The Genesee County Courthouse is located at the intersection of Main (New York state routes 5 and 33) and Ellicott (NY 63) streets in Batavia, New York, United States. It is a three-story Greek Revival limestone structure built in the 1840s.

It replaced an older timber frame courthouse near the current site, which served what was at that time the entire Holland Purchase, the vast tract that is today Western New York. At the time the courthouse was built, the county had been reduced to its current size by the creation of 10 other counties from the purchase. Construction materials were all sourced locally.

Later it underwent some minor renovations. While Genesee County has subsequently built additional court facilities nearby where most judicial activity takes place, it is still used for some court purposes as well as offices for the county manager, attorney and the meeting place of the county legislature. In 1973 it was listed on the National Register of Historic Places. Nine years later, in 1982, when the Genesee County Courthouse Historic District was added to the Register, the courthouse was again included as a contributing property.

==Building==

The courthouse is located in the west corner of the triangular lot with Main on the north, Ellicott on the south and Court Street to the east. It is prominently visible to traffic approaching down West Main Street from the west. The block contains one other building, a large Colonial Revival brick structure also used by the county. Walkways connect the two, and surrounding sidewalks, amid a large lawn. West of the courthouse, at the fork of Main and Ellicott, is the large granite Soldier's Monument, with a statue of General Emory Upton.

Other public buildings dominate the neighboring streets. The post office, old county jail and Batavia's old city hall, all also contributing properties to the historic district, are to the north, across Main. On the northwest is city police headquarters. Northeast is the new city hall and Genesee Country Mall. Other public buildings are on the south, with Tonawanda Creek behind them. All these buildings are surrounded by parking lots.

Two blocks west along West Main is the Holland Land Office Museum, a National Historic Landmark. The commercial areas of downtown Batavia begin two blocks east along both streets. To the north, south and west are residential areas.

The building itself is a five-by-five-bay structure with load-bearing limestone walls. On the east (front) side it is two and a half stories high, reaching a full three on the west. The lower level is set off by a belt course that also serves as a water table. Atop the building is a hipped roof with slate shingles trimmed in copper at the roofline. A cupola with bell from the original courthouse is in the center, and a brick chimney rises from the southeast corner.

Across the first floor of the east facade are six large stone pilasters with Doric capitals. All the bays save for the centrally located main entrance have 12-over-12 double-hung sash windows. At the roofline is an architrave of three narrow bands topped by a plain wide frieze below the projecting cornice.

The lower tier of the cupola has clapboard siding with corner pilasters and a frieze and projecting molded cornice of its own. Atop that is a balustrade surrounding the top tier, where each face has two Doric pilasters flanking a louvered vent. Above its frieze and cornice is a copper dome.

Stone steps with center and side iron guardrails rise to the deeply recessed main entrance. The front door is framed by more Doric pilasters, sidelights and a transom above its own cornice. It opens into a central hallway with offices on either side.

At the far end is a double stair that merges into one before it reaches the second floor. The main courtroom, with coved ceiling covered in acoustical tiles, is on that level along with two judges' chambers. Wainscoting and door and window trim are apparently original. The third floor has been converted from the county clerk's offices to an open meeting room for the county legislature.

==History==

Joseph Ellicott supervised the building of the first courthouse in 1802 on behalf of the Holland Land Company, for which he was agent. It was a two-story frame structure located to the east of the present building, near the site of the county building on the opposite side of the triangle. He had chosen what became Batavia for his headquarters due to its location at the convergence of major Iroquois trails through the region, two of which became Main and Ellicott streets and the state highways that follow them.

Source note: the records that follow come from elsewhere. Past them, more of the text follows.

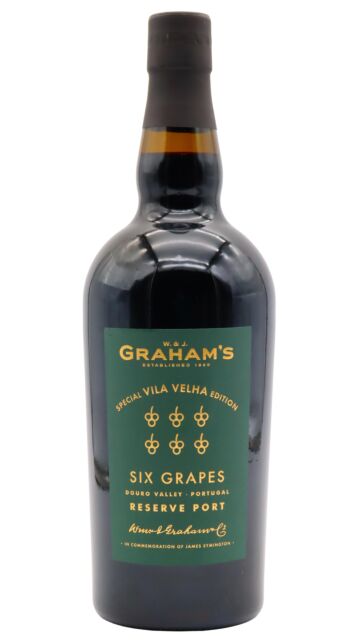 Graham's - Six Grapes Vila Velha Limited Edition Ruby Port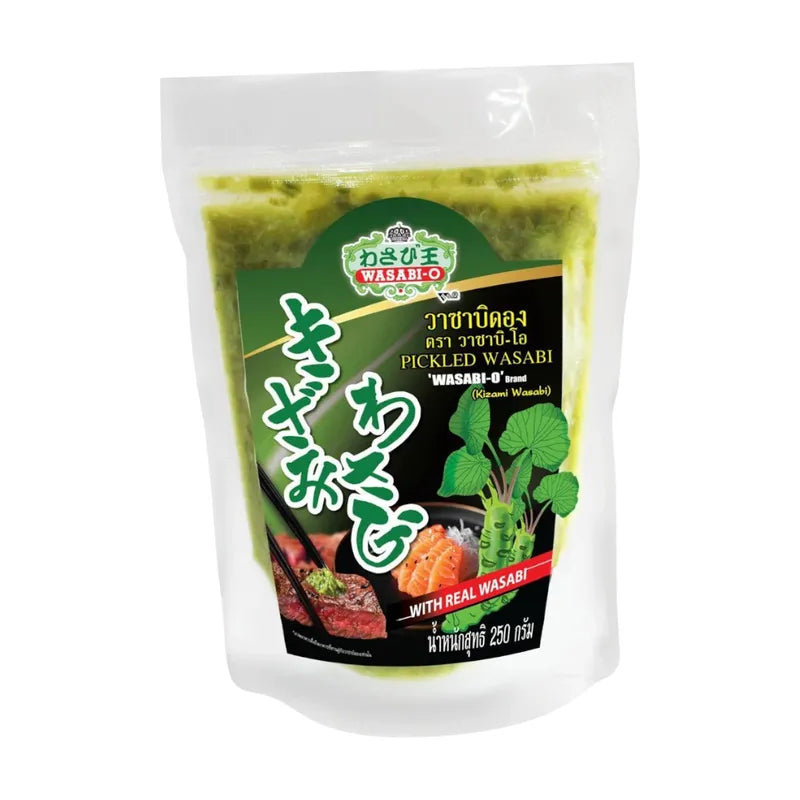 Wasabi-o Pickled Wasabi 250g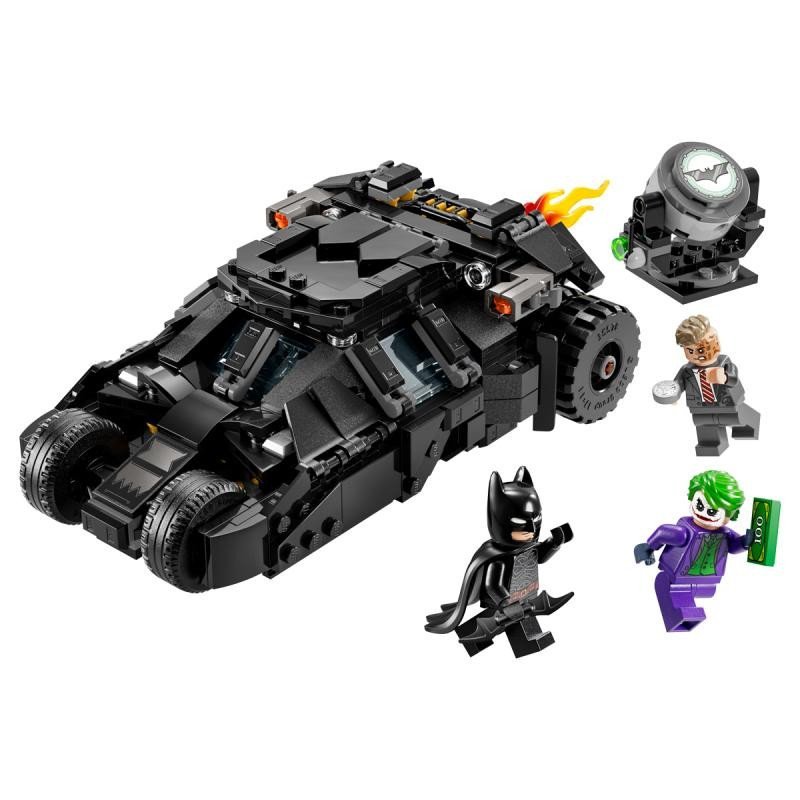 LEGO Super Heroes 76303 - Batman Tumbler vs. Kétarc és Joker - Image 2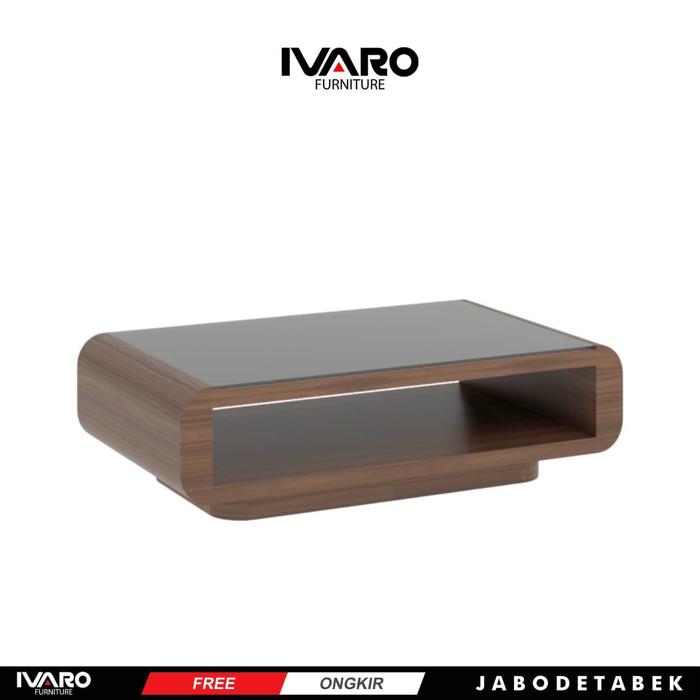 Ivaro Ryal Coffe Table/ Meja Tamu/ Meja Sudut Minimalis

The original building had jail facilities in the basement, offices on the first floor and its courtroom upstairs. Like its successor, it was topped with a cupola. Local lore holds that David McCracken, a prosperous early resident with a reputation for playing practical jokes, was surprised that the land company had not bought a bell to go with it, and commissioned a bell on his own from a foundry in New Haven, Connecticut. After taking delivery, he hung it from a pole between two trees and proceeded to ring it in the early hours of one morning, awakening the entire village. Ellicott asked if the bell was for sale, and when McCracken said yes, the land agent bought it from him at that very moment. It has hung in the courthouse ever since.

As the Holland Purchase was settled more extensively, Genesee County, which had originally been coterminous with the lands, was subdivided into the other ten counties in the region. As the county's boundaries changed, this created pressure to relocate the county seat somewhere more central to the remaining county. This ended with the creation of the last county, Wyoming, to Genesee's immediate south, in 1841, leaving Batavia once again centrally located within the county.

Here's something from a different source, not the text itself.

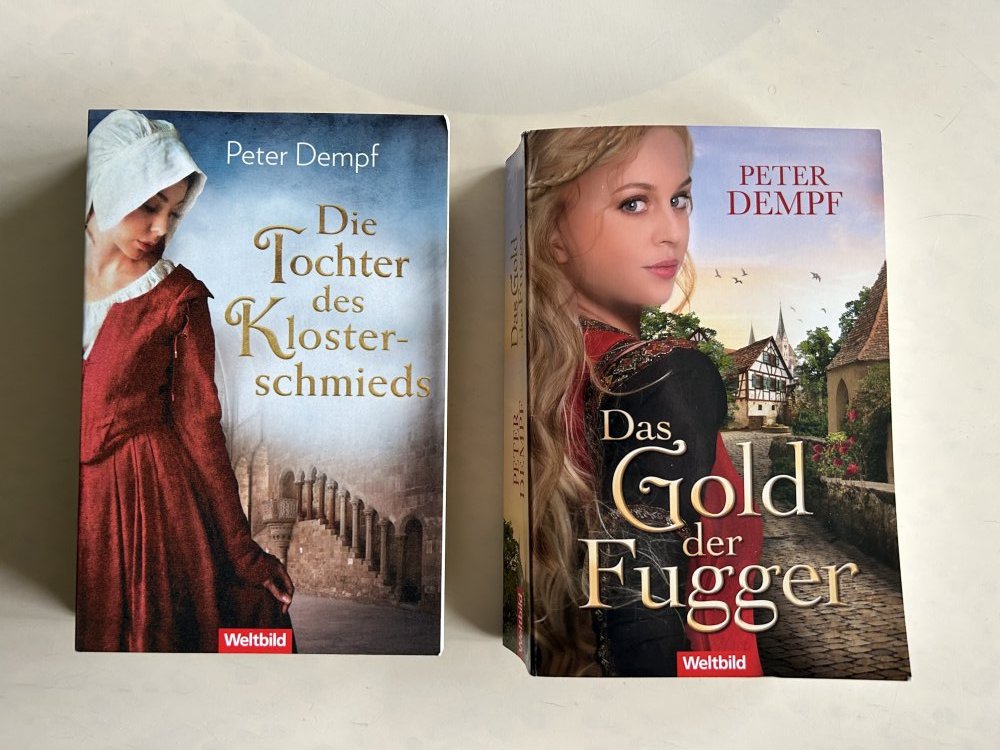 Das Gold der Fugger und Die Tochter des Klosterschmied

The county's Board of Supervisors had petitioned the state legislature for money to build a new courthouse, which was authorized that same year. Its Greek Revival design, typical for public buildings of the period, was an expanded version of the original courthouse, later to serve as town and village hall. The Onondaga limestone was quarried locally. The wall stones came from nearby Le Roy, already emerging as a center for that material, and the pillars and capitals from Lockport, the seat of Niagara County to the northwest.

Local craftsmen worked on the construction. The building was finished early in 1843 and the first court sessions were held later that year. At first the Board of Supervisors allowed all sorts of public meetings to be held in the building, but by 1851 they had ordered the sheriff to allow only county meetings. The two building commissioners who had overseen construction later served as judges, one not leaving the bench until the early 20th century.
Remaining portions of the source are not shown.